## Problem to work on
Drop the pictures; give again exactly the lines from the one holding "Hochzeit Emaille Tasse" through the end of the data.

## Given data
##############################

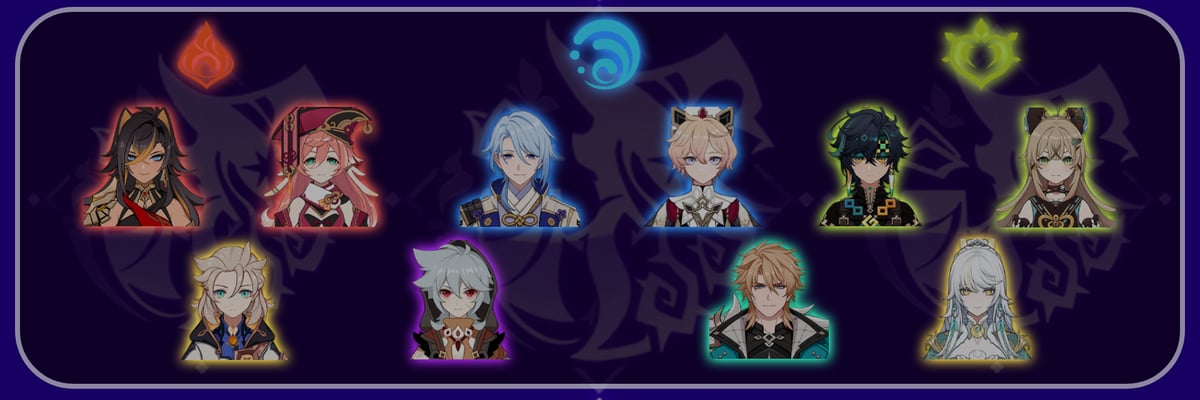 New Genshin Impact 6.5 leaks confirm the upcoming Imaginarium Theater rotation will feature Pyro, Hydro, and Dendro elements, with Dehya, Ayato, and Kinich among the opening characters and multiple Maguu Kenki variants in boss chambers.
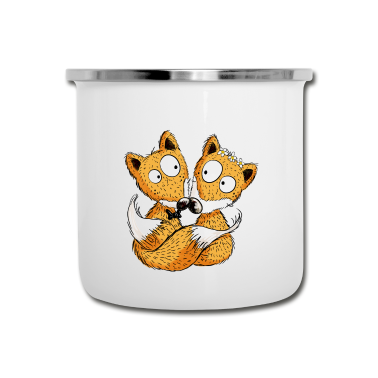 Hochzeit Emaille Tasse - Just Married Füchse - Fuchs - Hochzeit - Comic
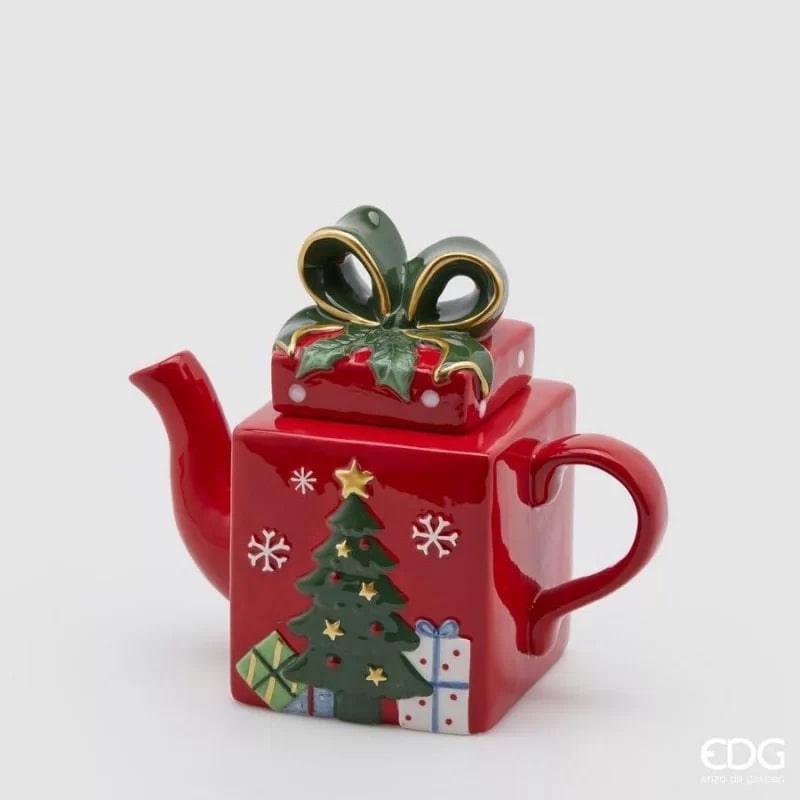 EDG Enzo De Gasperi Teiera Pacco Dono Natale H19x21x11 Red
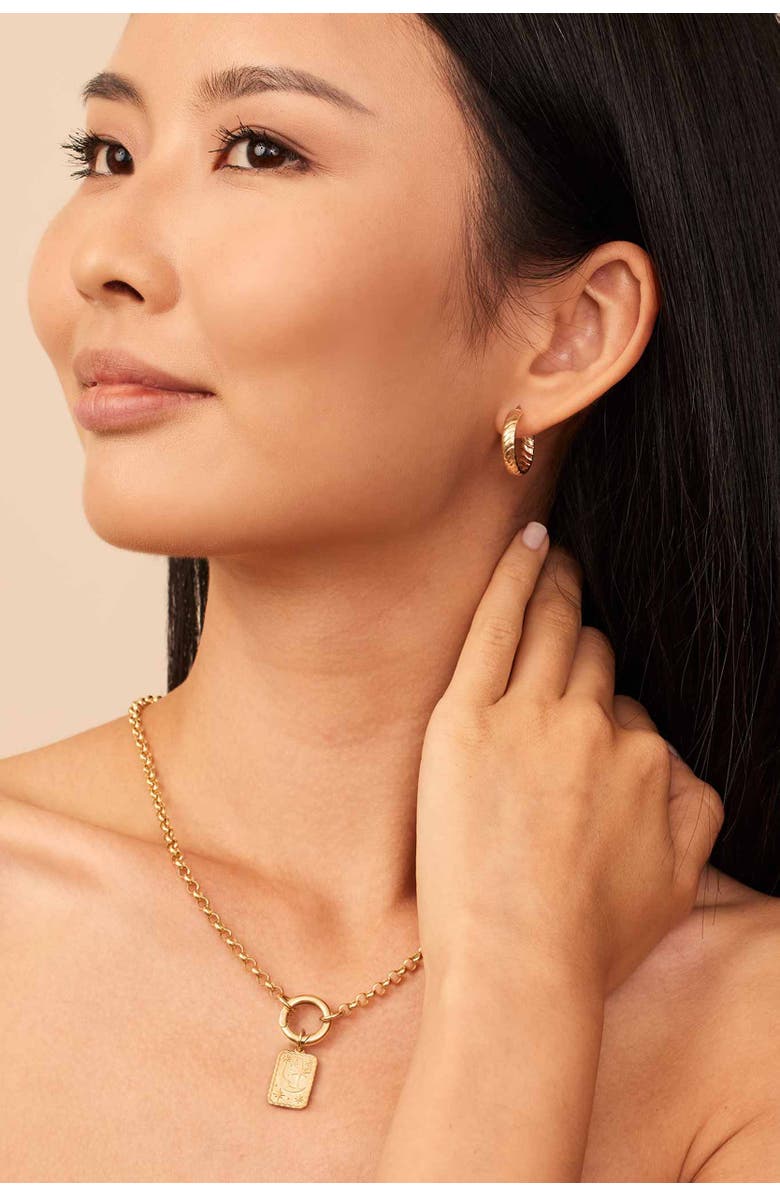 Oradina 14K Gold Cobra Hoops Earrings, Alternate, color,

##############################

## Exercise output
 Hochzeit Emaille Tasse - Just Married Füchse - Fuchs - Hochzeit - Comic
 EDG Enzo De Gasperi Teiera Pacco Dono Natale H19x21x11 Red
 Oradina 14K Gold Cobra Hoops Earrings, Alternate, color,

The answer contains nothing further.